Step 2: Scheduler Decides What to Do
The LLMEngine calls step(), which starts with scheduling:
def step(self):
seqs, is_prefill = self.scheduler.schedule()
The scheduler checks:
- Are there new sequences waiting? Yes, our sequence.

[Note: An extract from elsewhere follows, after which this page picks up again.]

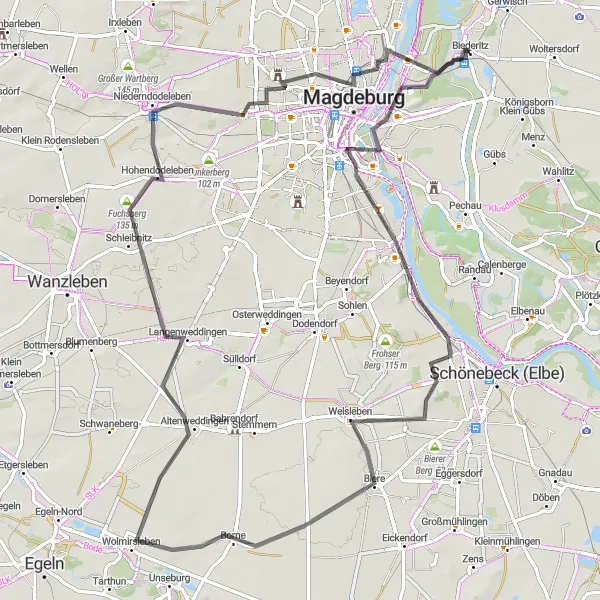 Karten-Miniaturansicht der Radinspiration "Berglandschaft um Magdeburg" in Sachsen-Anhalt, Germany. Erstellt vom Tarmacs.app-Routenplaner für Radtouren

- Do we have space? Yes, plenty.
- Allocate KV cache blocks.
def schedule(self):
# Phase 1: Prefill new sequences
seq = self.waiting[0] # Our sequence
# Calculate blocks needed: 5 tokens, block_size=64
num_blocks_needed = (5 + 64 - 1) // 64 = 1
# Allocate block 0
seq.block_table = [0]
seq.status = SequenceStatus.RUNNING
scheduled_seqs = [seq]
is_prefill = True
return scheduled_seqs, True
Step 3: ModelRunner Prepares the Batch
The LLMEngine calls the model runner:
token_ids = self.model_runner.call("run", seqs, is_prefill=True)

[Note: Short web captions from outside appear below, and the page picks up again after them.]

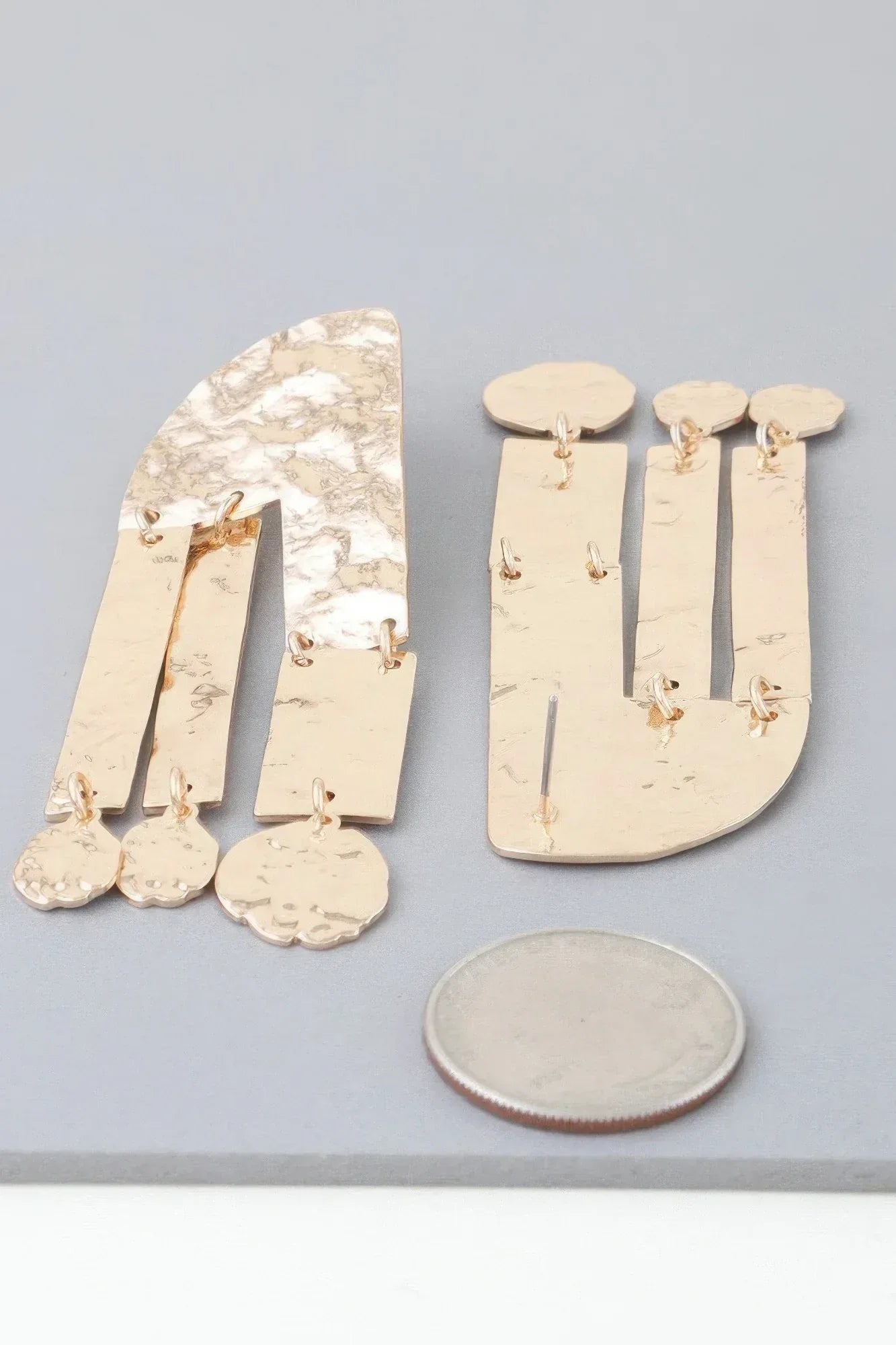 Shiny Hammered Drop Earrings Secondary image
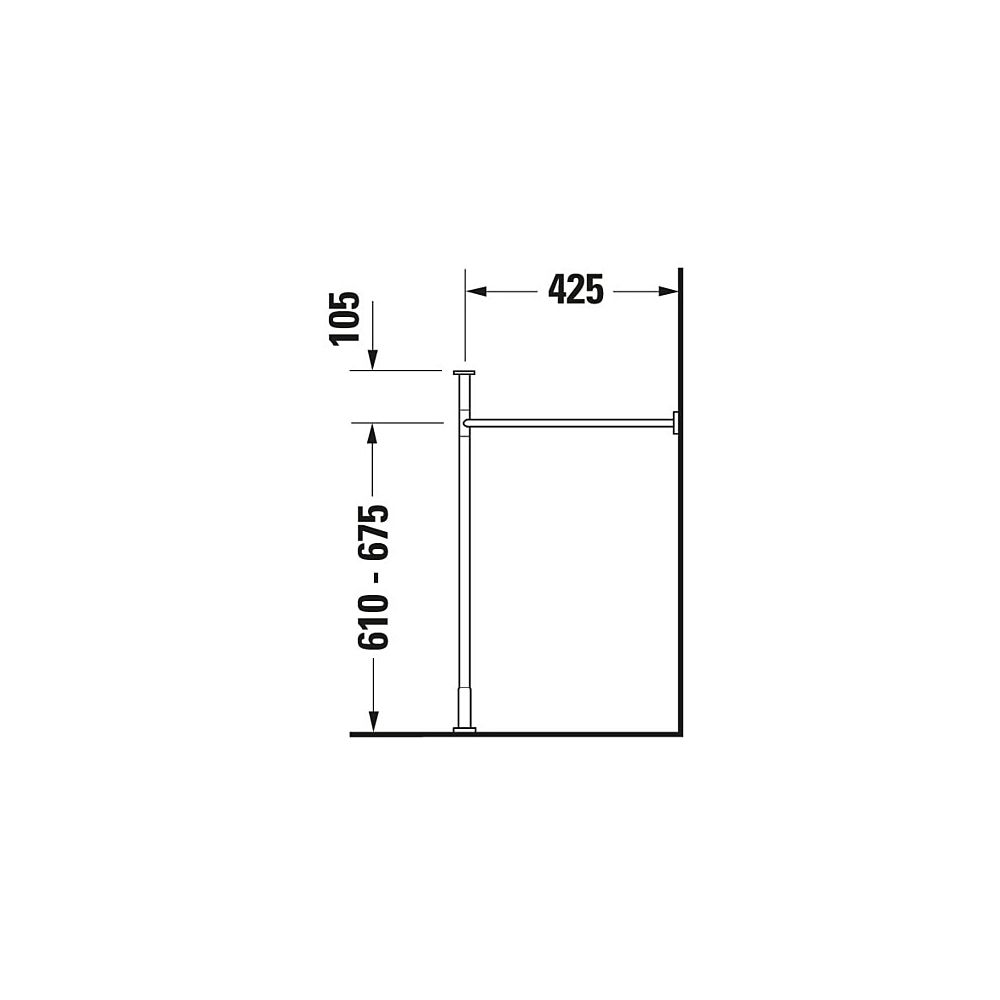 Duravit Vero Metallkonsole 425x725x715-780mm, für 045480, Chrom poliert, Höhenvers... DURAVIT-0030661000 4021534272752 (Abb. 10)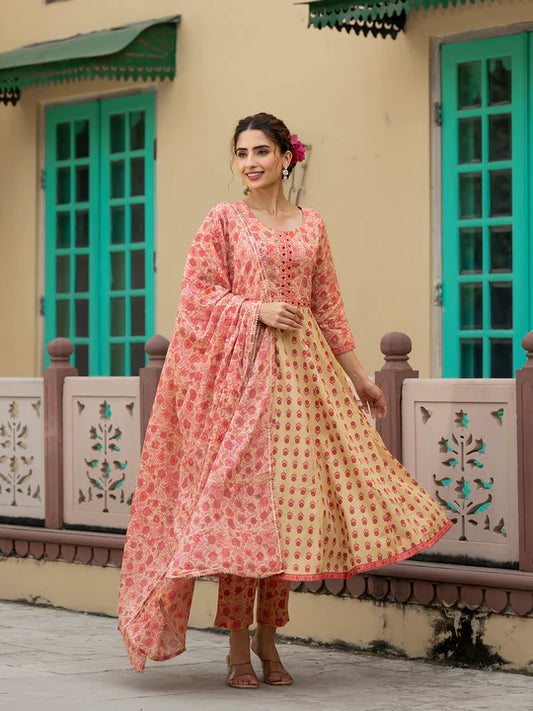 Divena Peach Floral Print Pure Cotton Anarkali Kurta & Trouser with Dupatta - SSDK1040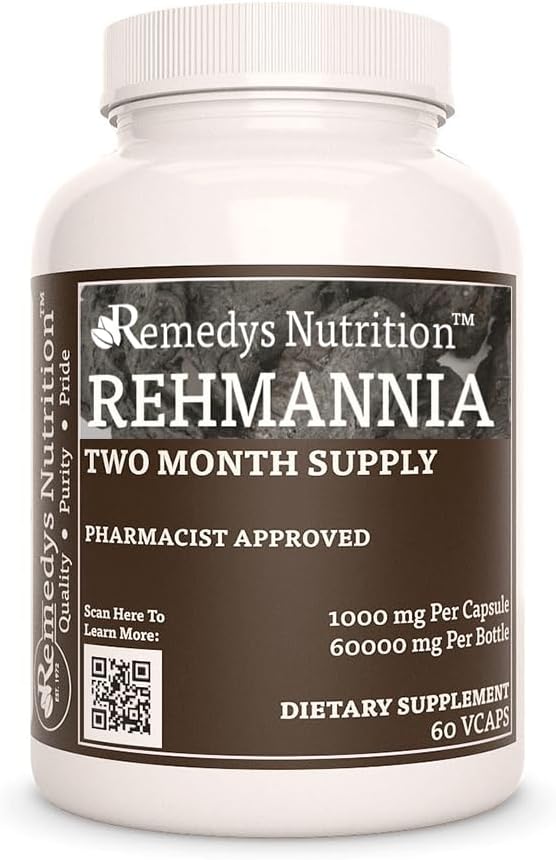 Rehmannia Root - 1.000 mg, 60 Cápsulas Veganas - Suplemento Herbal - 2 Meses de Suministro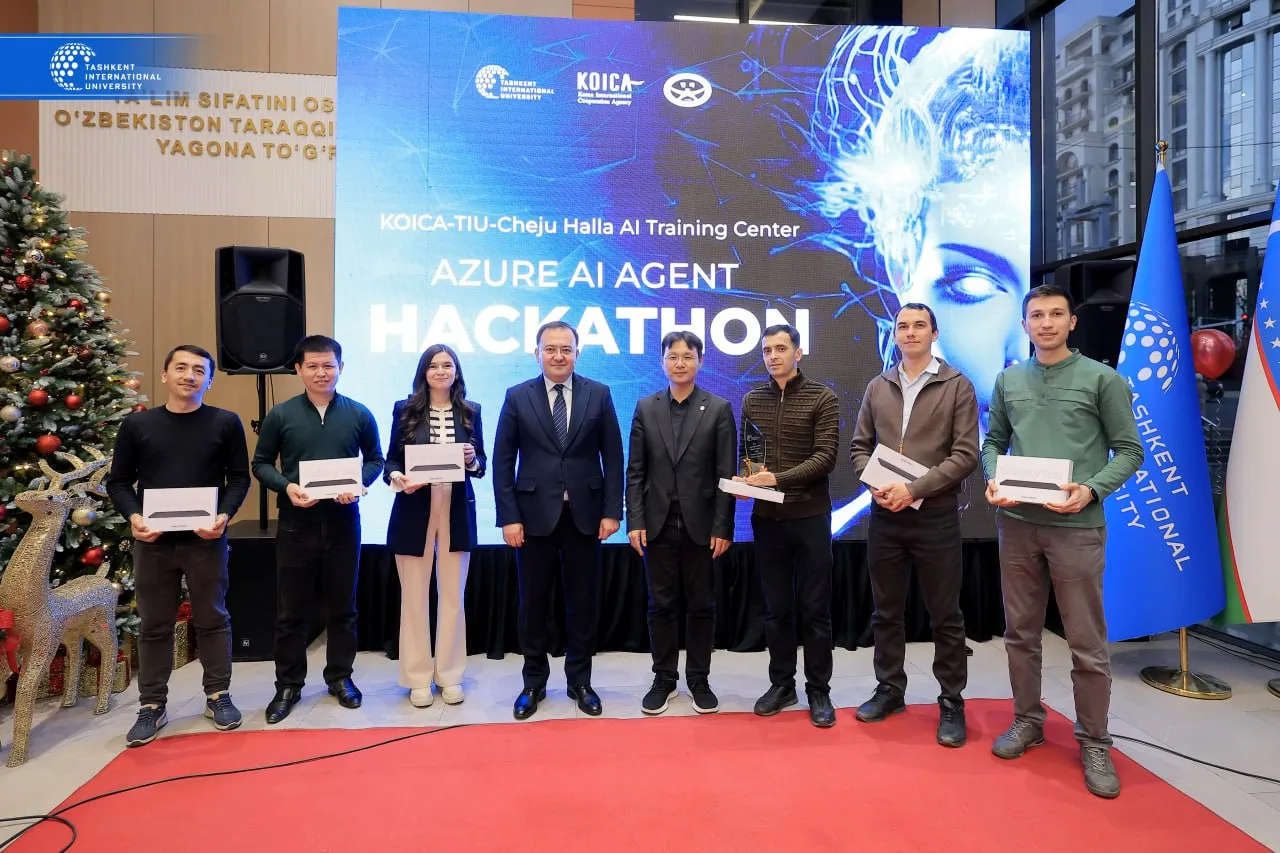 VCoders team first place hackathon winner presenting Global Intelligence Map using Azure OpenAI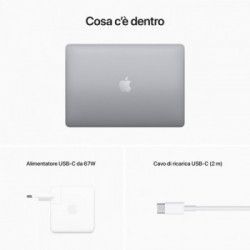 Apple MacBook Pro 13" M2 8-core CPU 10-core GPU 512GB SSD - Grigio siderale *ESTENSIONE GARANZIA3 3 ANNI IN PIU' in omaggio*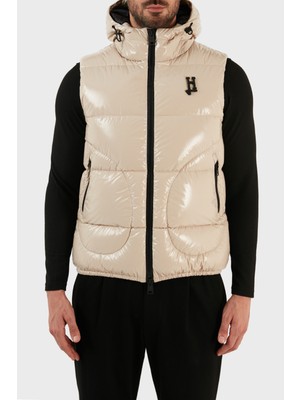 Herno Regular Fit Kaz Tüyü Dolgulu Kapüşonlu Parlak Şişme Yelek Erkek Yelek PI000860U 12220 1985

ModelRunner's run() method is invoked:
def run(self, seqs, is_prefill):
# Prepare the batch
if is_prefill:
input_ids, positions = self.prepare_prefill(seqs)
prepare_prefill() extracts the tokens and positions:
def prepare_prefill(self, seqs):
input_ids = []
positions = []
cu_seqlens_q = [0]
cu_seqlens_k = [0]
slot_mapping = []
for seq in seqs: # Just our sequence
seqlen = len(seq) # 5
# Extract all tokens (none cached yet)
input_ids.extend(seq.token_ids) # [1234, 5678, 9012, 3456, 7890]
# Generate positions
positions.extend(list(range(0, seqlen))) # [0, 1, 2, 3, 4]

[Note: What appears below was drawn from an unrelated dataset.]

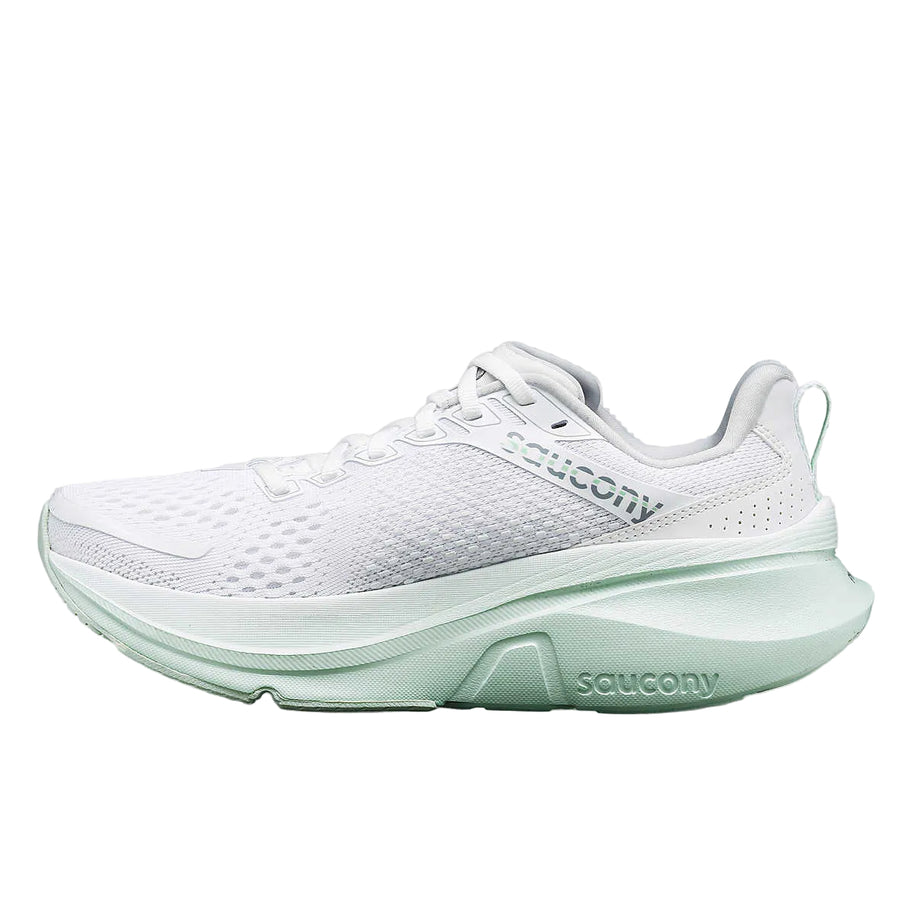 Guide 17 - Women by Saucony in white and mint with PWRRUN cushioning and CenterPath support platform for natural running motion
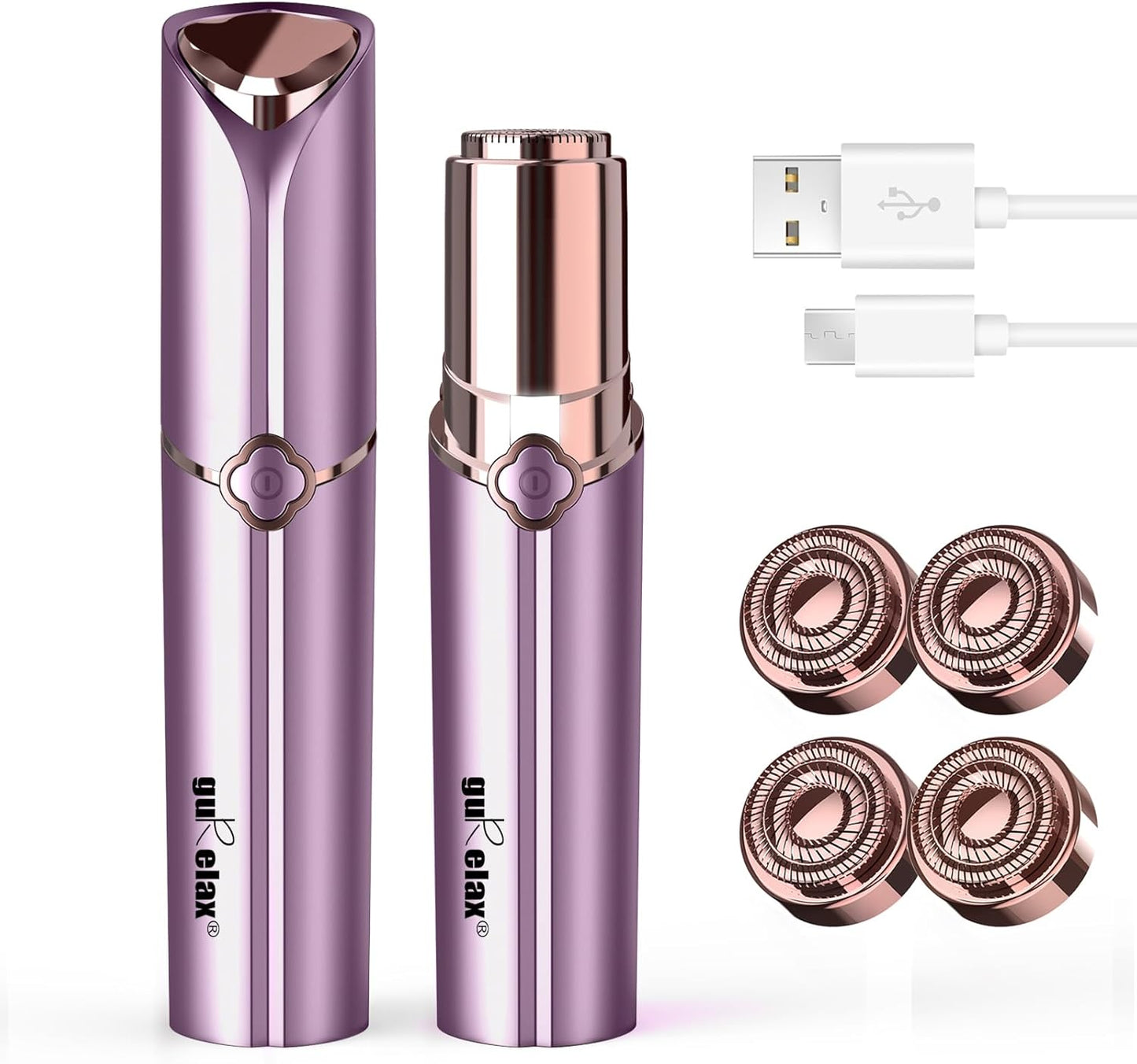 Facial Hair Removal for Women, Ladies Face Shaver(Rechargeable) for Chin Upper Lip Neck Armpits, Included 4 Replacement Heads, with a Velvet Storage Pouch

# Cumulative lengths for packed batching
cu_seqlens_q.append(cu_seqlens_q[-1] + seqlen) # [0, 5]
cu_seqlens_k.append(cu_seqlens_k[-1] + seqlen) # [0, 5]
# Map to KV cache slots
for token_idx in range(seqlen):
block_idx = token_idx // self.block_size # All in block 0
offset = token_idx % self.block_size # 0, 1, 2, 3, 4
physical_block = seq.block_table[block_idx] # 0
slot = physical_block * self.block_size + offset
slot_mapping.append(slot) # [0, 1, 2, 3, 4]
return input_ids, positions
Result:
input_ids = tensor([1234, 5678, 9012, 3456, 7890])
positions = tensor([0, 1, 2, 3, 4])
slot_mapping = tensor([0, 1, 2, 3, 4])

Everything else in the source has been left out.